Exercise brief: Write out the records that appear below, verbatim and complete, but without pictures.

Material shown:

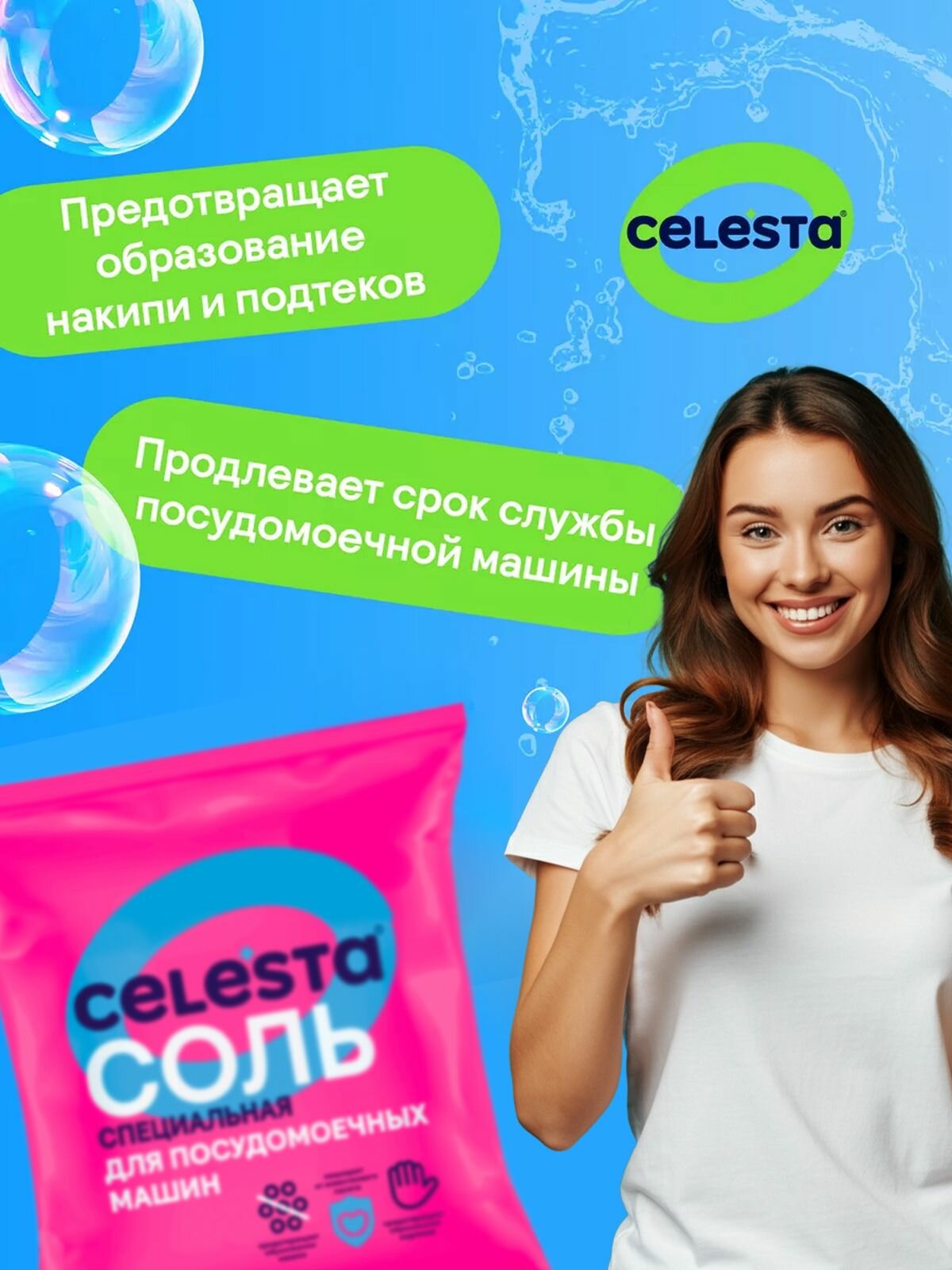 Соль для посудомоечной машины Celesta Classic Crystals от накипи, для защиты от известкового налета, 4 кг — фото 1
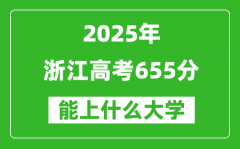2025浙江高考655分左右的大學一覽表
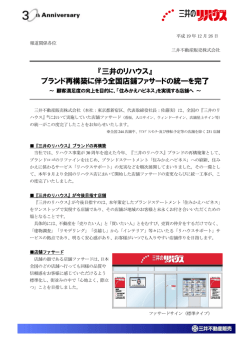 『三井のリハウス』 ブランド再構築に伴う全国店舗ファサードの統一を完了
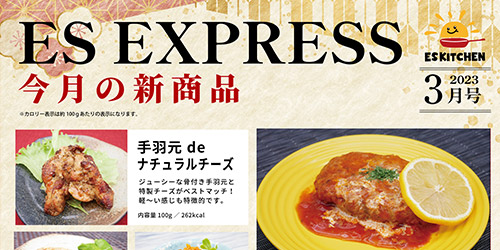 月間ES-Express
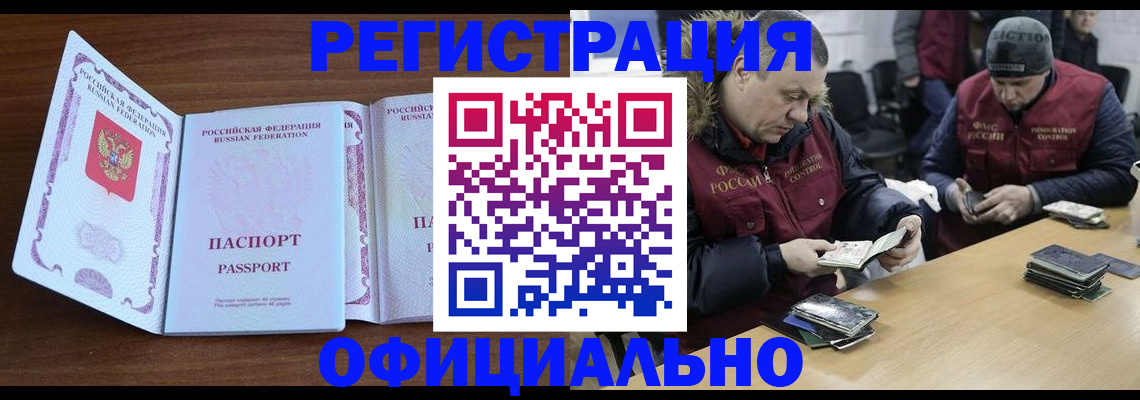 миграционный учет в Надыме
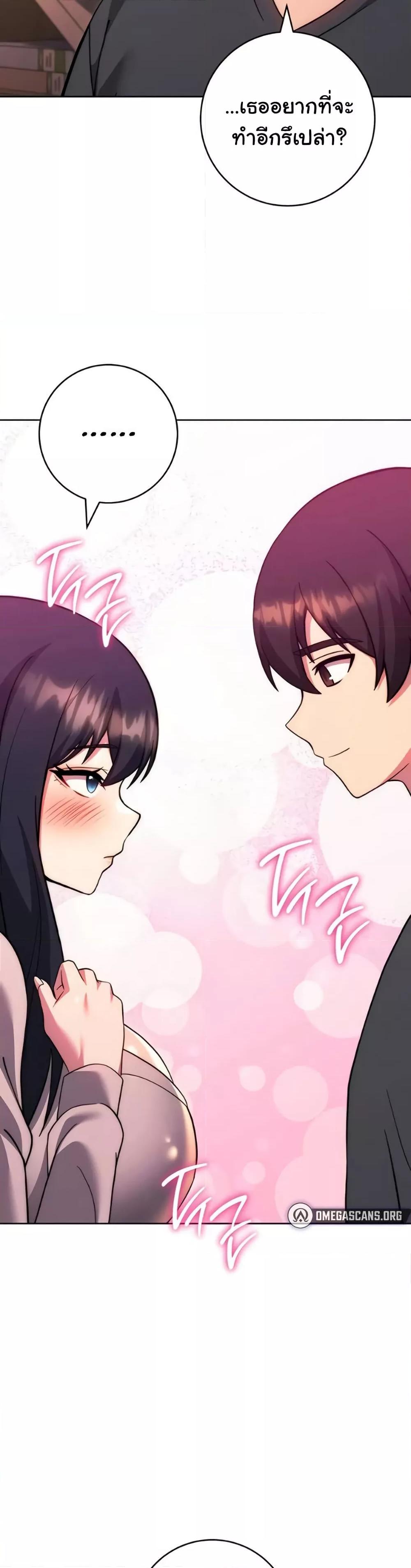 Love Choice – Love Choice – ตอนที่ 37 หน้า 55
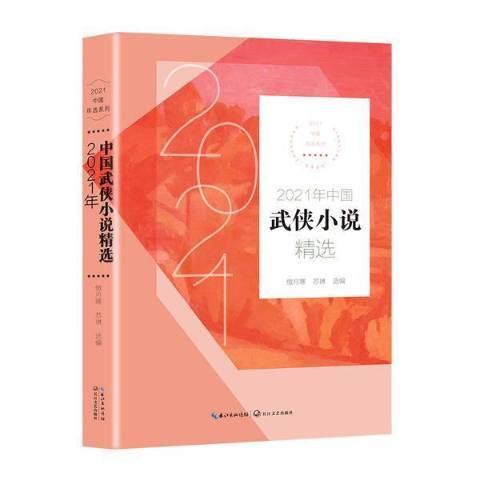 2021年中國武俠小說精選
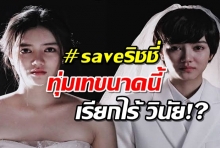 ซ่อนเงารัก ดราม่าไม่จบ!ชาวเน็ต #saveริชชี่ ถามกลับทุ่มเทขนาดนี้เรียกไร้วินัย!?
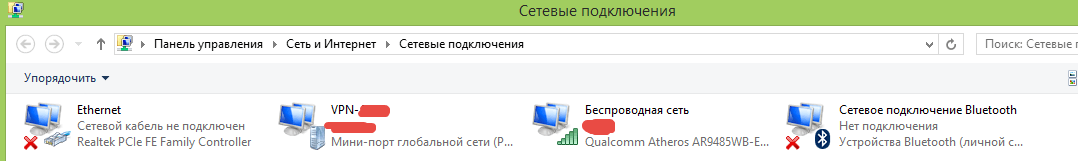Как изменить MAC-адрес сетевой карты в Windows 7, Windows 8.1, Windows 10-005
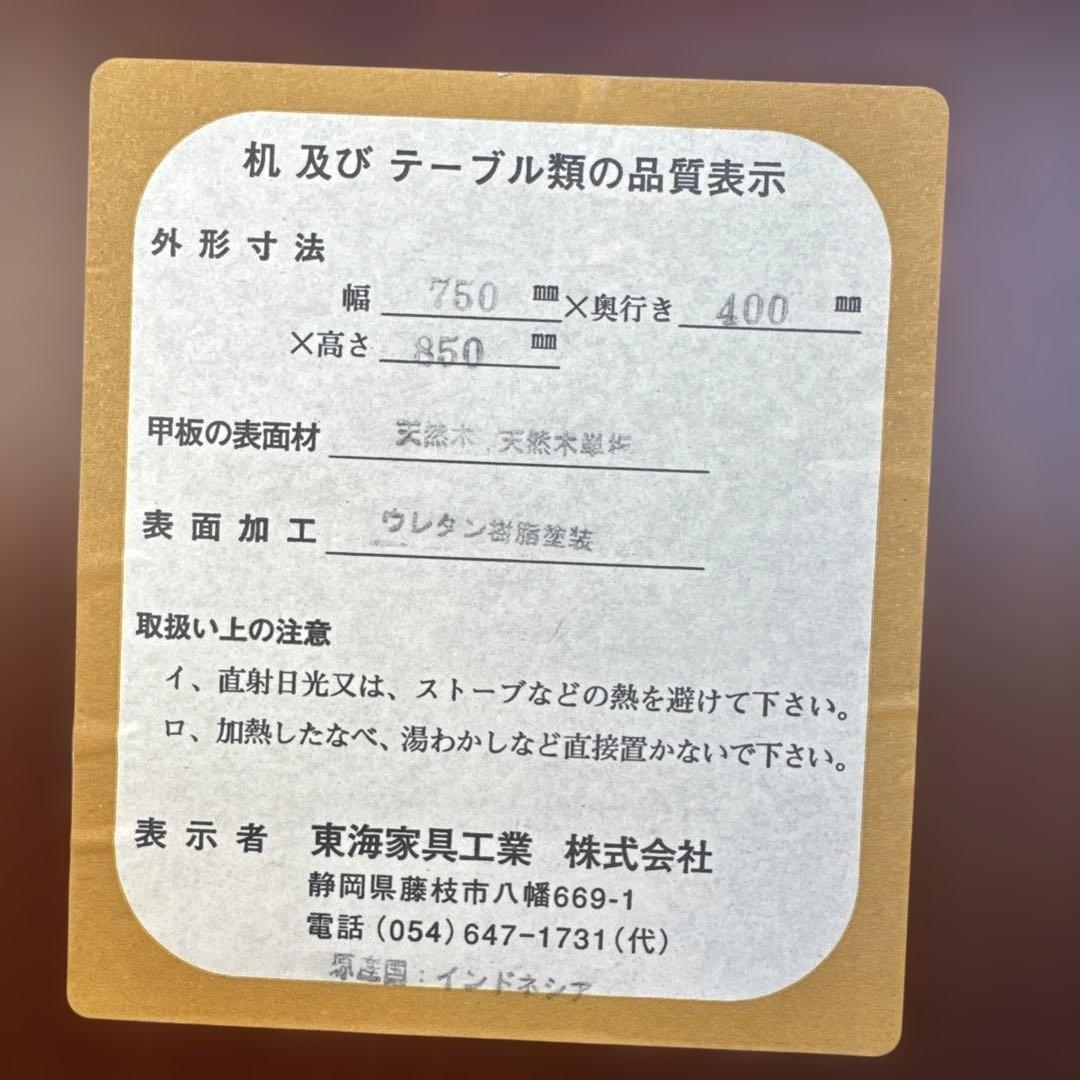 47) ベネチア サイドかキャビネット サイドチェスト VENEZIA - メルカリ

Result of this task:
 Соль для посудомоечной машины Celesta Classic Crystals от накипи, для защиты от известкового налета, 4 кг — фото 1
2025浙江高考655分左右的大學一覽表
 『三井のリハウス』 ブランド再構築に伴う全国店舗ファサードの統一を完了
 月間ES-Express
 миграционный учет в Надыме
 Love Choice – Love Choice – ตอนที่ 37 หน้า 55
 2021年中國武俠小說精選
 ซ่อนเงารัก ดราม่าไม่จบ!ชาวเน็ต #saveริชชี่ ถามกลับทุ่มเทขนาดนี้เรียกไร้วินัย!?
Как изменить MAC-адрес сетевой карты в Windows 7, Windows 8.1, Windows 10-005
 47) ベネチア サイドかキャビネット サイドチェスト VENEZIA - メルカリ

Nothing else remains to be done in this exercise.